Wall Street Watchdogs Want More Power to Police Bitcoin

Wall Street Watchdogs Want More Power to Police Bitcoin

The top US financial regulators want Congress to give them new powers to directly monitor trading in Bitcoin, the world’s largest cryptocurrency.

In a Monday report, the heads of the Federal Reserve, the Treasury Department and other leading financial watchdogs said the government has limited ability to regulate crypto assets not covered by securities laws. Although many tokens fall under the US Securities and Exchange Commission’s rules, some, like Bitcoin, are not directly under the jurisdiction of any federal agency.

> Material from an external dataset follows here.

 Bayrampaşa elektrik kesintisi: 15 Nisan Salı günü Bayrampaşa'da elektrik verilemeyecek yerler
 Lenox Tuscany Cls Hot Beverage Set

“As a result, these markets may not have robust rules and regulations designed to ensure orderly and transparent trading, to prevent conflicts of interest and market manipulation, and to protect investors and the economy more broadly,” the Financial Stability Oversight Council said. The FSOC also includes the SEC chair and the chair of the Commodity Futures Trading Commission, which are fighting for a bigger part of crypto regulation.

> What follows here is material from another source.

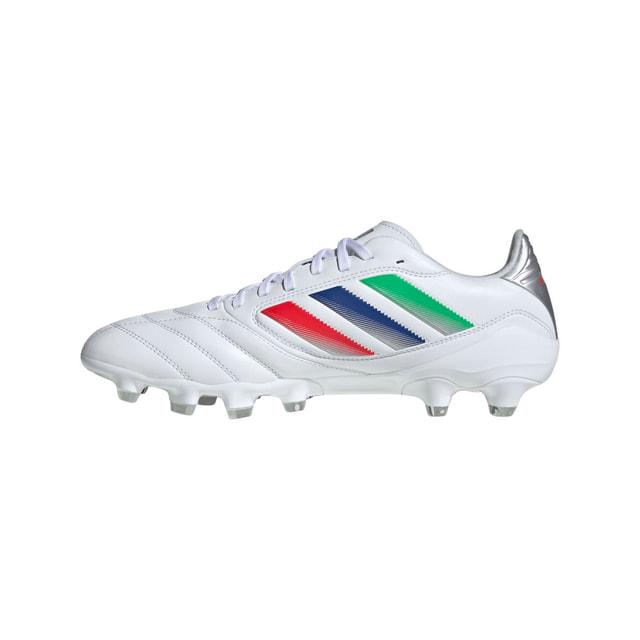 adidas（アディダス） スポーツデポ・アルペン限定 コパアイコン 2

The report is the latest from the Biden administration to call for a more coordinated approach to regulating digital assets after years of patchwork oversight. The SEC claims turf over assets considered securities, the CFTC oversees crypto derivatives and banking regulators also claim some powers.

Congress should also give regulators new powers to weigh in on a range of topics, including conflicts of interest, abusive trade practices, recordkeeping requirements, customer asset segregation and cyber security, the FSOC said in a 100-plus-page report released Monday. Legislation should also give agencies more enforcement and investigative powers, the regulators said.

“Innovation without adequate regulation can result in significant disruption and damage to the financial system,” Treasury Secretary Janet Yellen said during the virtual meeting.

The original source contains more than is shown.